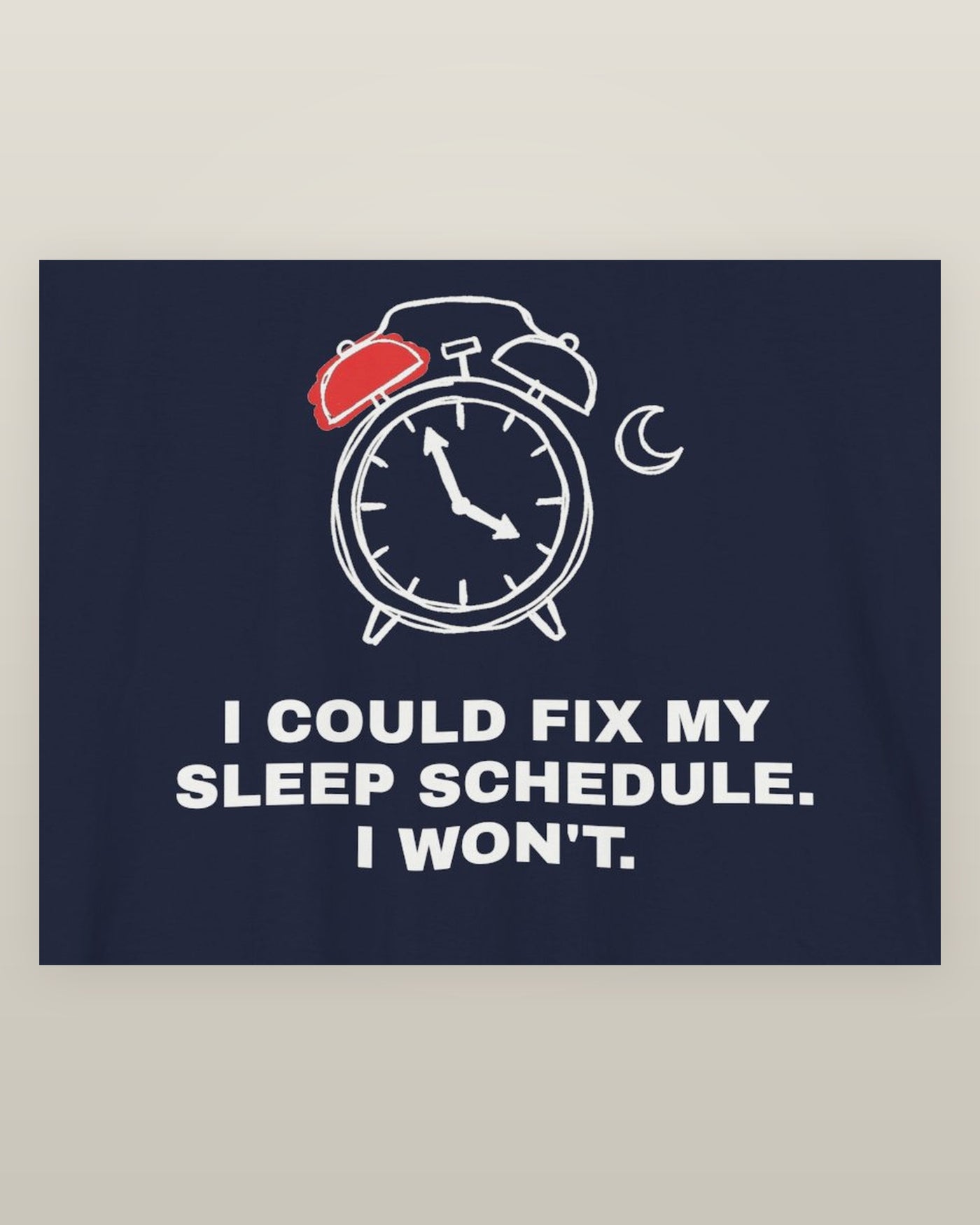 I could fix my sleep schedule. I won't. — an alarm clock at a very late hour beside a crescent moon, printed on a navy cotton t-shirt, close detail of the print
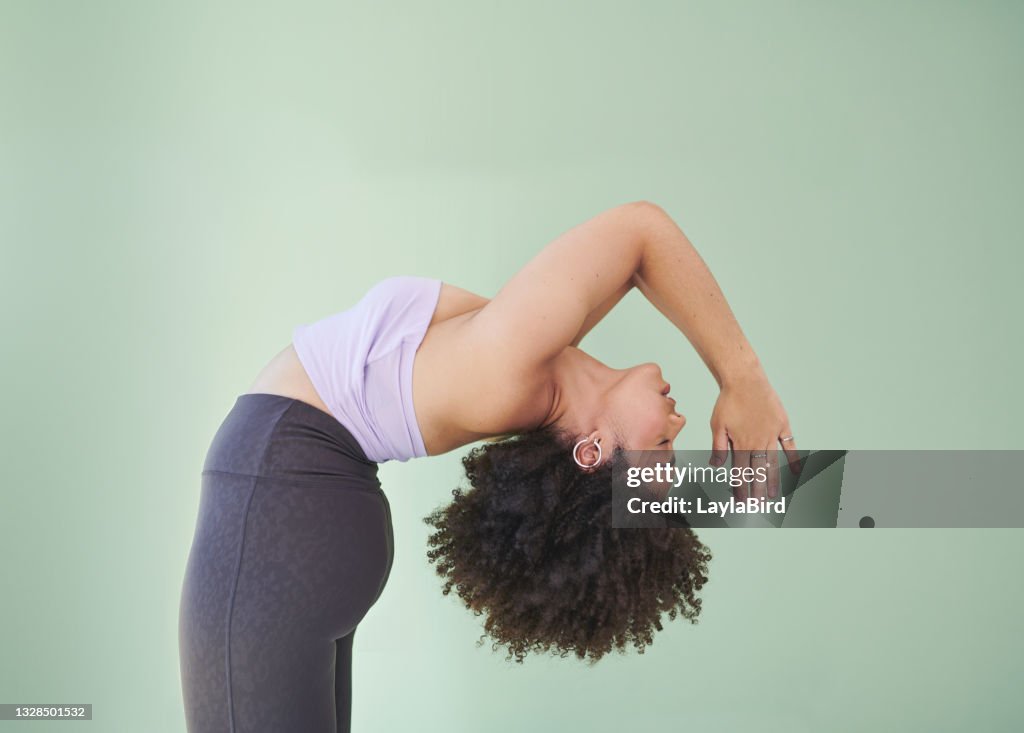 Studio shot of a young woman bending over backwards against a green background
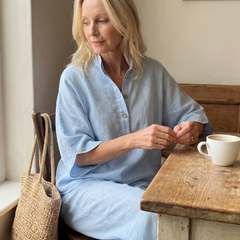 Sky-blue Amity button-front relaxed tunic and trouser set by THE WHITMORE FAMILY, featuring a comfortable, casual style.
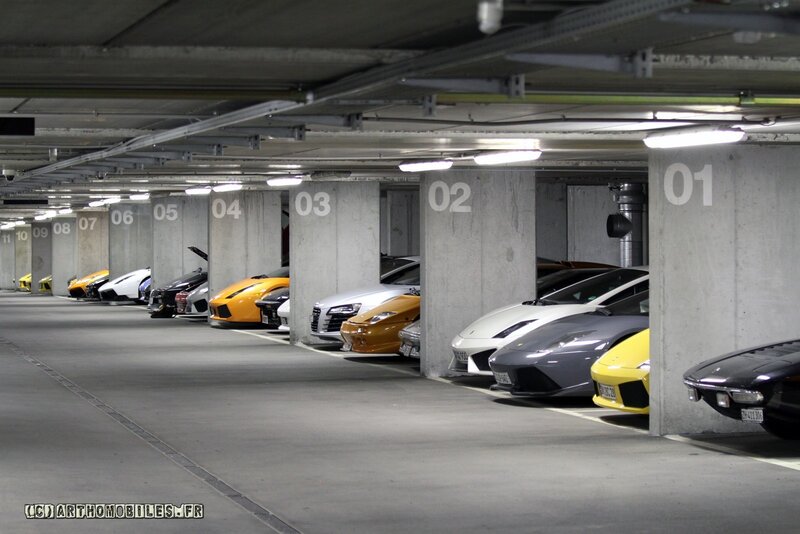 Luxury cars in a parking garage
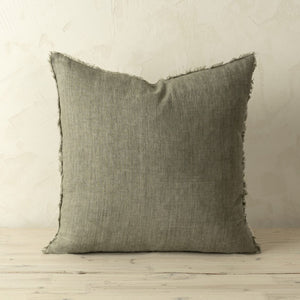 Gray linen pillow with frayed edges on a wooden surface and beige wall background. Down feather filled 20x20.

------------------------------------------------

Exercise goal
A word-for-word copy of the material is required; pictures stay out of it.

Expected output
 I could fix my sleep schedule. I won't. — an alarm clock at a very late hour beside a crescent moon, printed on a navy cotton t-shirt, close detail of the print
 Studio shot of a young woman bending over backwards against a green background
 Sky-blue Amity button-front relaxed tunic and trouser set by THE WHITMORE FAMILY, featuring a comfortable, casual style.
 Luxury cars in a parking garage
 Gray linen pillow with frayed edges on a wooden surface and beige wall background. Down feather filled 20x20.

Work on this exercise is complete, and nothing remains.